Many claim to be spiritual, rather than religious | Plateau Church Corner

As the calendar turns, here we are…What? September already? Wait, wait. My summer want-to-do list is still in the drawer. Not a good sign as the days begin to shorten.

As the calendar turns, here we are…What? September already? Wait, wait. My summer want-to-do list is still in the drawer. Not a good sign as the days begin to shorten.

I hope you have had a summer filled with the spirit of creation that abounds here in the Pacific Northwest. People in the Northwest have been blessed by good weather this summer, and, not to start an argument, I think we are blessed to live in one of the most beautiful places in creation.

Small wonder then that many people in the Pacific Northwest find the expression of their spirituality through God in creation and claim to be “spiritual but not religious.”

Diana Butler Bass in her book “Christianity After Religion” points to several happenings in the past decade. She calls it the “Horrible Decade” that brought about a significant shift in religious expression away from religious and toward spiritual.

The first event, 9/11. Immediately after the terrorist attack, churches were full. But then well-known Christian fundamentalist leaders came out strongly saying that 9/11 was God’s punishment for America’s lack of moral value. So that was it, huh? God’s punishment was to fly airplanes into buildings killing innocent children and adults. Exit religious, enter spiritual.

The second event, the Roman Catholic (and yes, other denominations as well) sexual abuse scandals. A 2008 Pew Foundation survey found in the aftermath of the scandals that one-third of the Americans who were raised Catholic no longer considered themselves Catholic. Exit religious, enter spiritual.

The third event, the Protestant human sexuality conflicts. Regardless of where one stood on the sexuality issue, what people outside the churches saw, sadly, was Christians at maybe their worst; not being very Christian toward each other and those whose sexual orientation was not heterosexual. Exit religious, enter spiritual.

The fourth event Bass articulates was the significant political shift to the conservative religious right. Exit, particularly in young people, religious, and enter spiritual.

Bass describes more issues like Hurricane Katrina, where conservative Christian leaders called the destruction “God’s punishment” and the outcome was the same.

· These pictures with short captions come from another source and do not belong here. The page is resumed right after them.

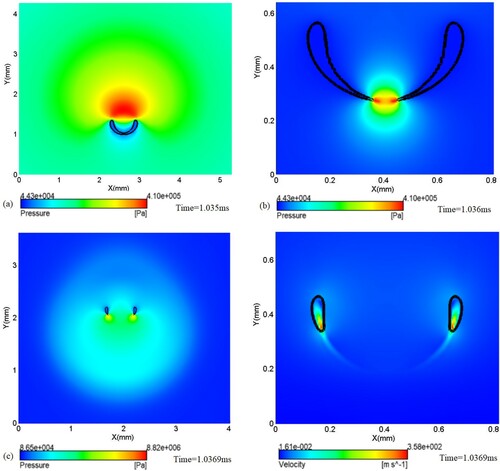 Figure 8. Scenario of water hammer shock formed by jet impinging the wall. The black line indicates the interface between gas and liquid (a) Jet flow inside of the bubble, (b) The high-pressure zone generated by the jet piercing the bubble wall, (c) Pressure and velocity field after the jet penetration of the bubble wall.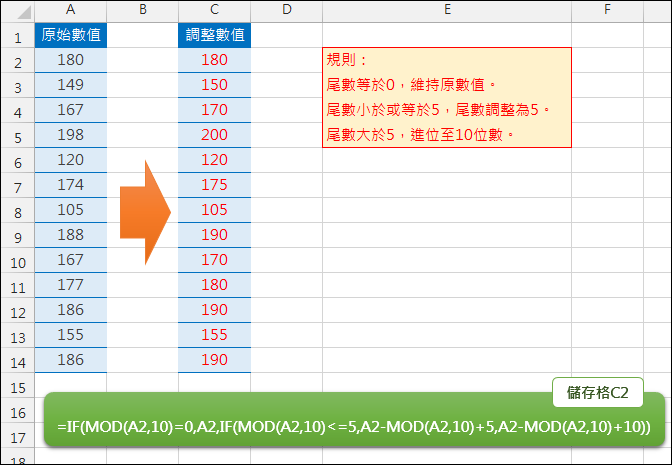 Excel-自訂個位數的進位方式(MOD,ROUND) Excel-自訂個位數的進位方式(MOD,ROUND)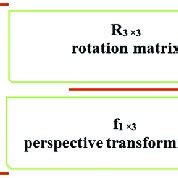 A homogeneous transformation matrix. | Download Scientific Diagram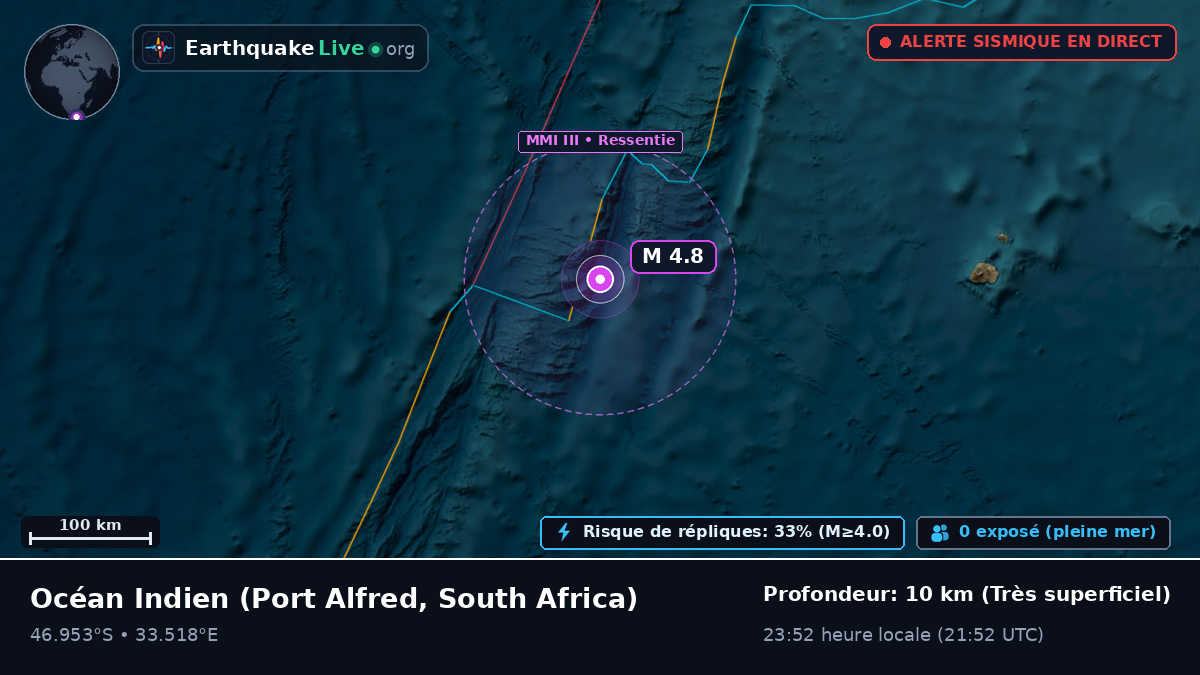 Océan Indien (South Africa)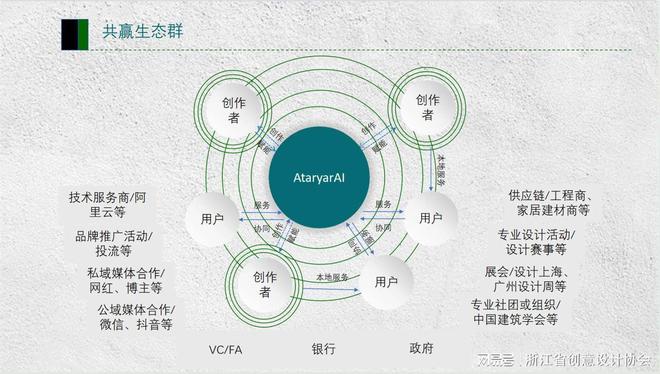 2024中国(杭州)设计创新对洽会:AI驱动空间设计初探(图9) 2024中国(杭州)设计创新对洽会:AI驱动空间设计初探(图9)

Exit religious, enter spiritual.

The result of this “Horrible Decade?” In a 10-year period, Gallup polls indicated that Americans describing themselves as “religious only,” those who associate with organized religion in some manner, went from 54 percent of the population to 9 percent of the population. At the same time, those who defined themselves as “spiritual and religious” went from 6 percent of the population to 48 percent of the population. That’s a significant movement away from adherence to organized religion.

If churches are wondering where everybody went and why, perhaps we should look in the mirror and ask what Jesus really meant when he said such radical things as love your neighbor and go and do likewise.

You see, there is another side to the Horrible Decade, and that is the good news of God’s grace and love given for you and for all people, and it’s being shared at a church near you this Sunday. Come and see. You might find that it is more beautiful in your life than the beauty of the Pacific Northwest.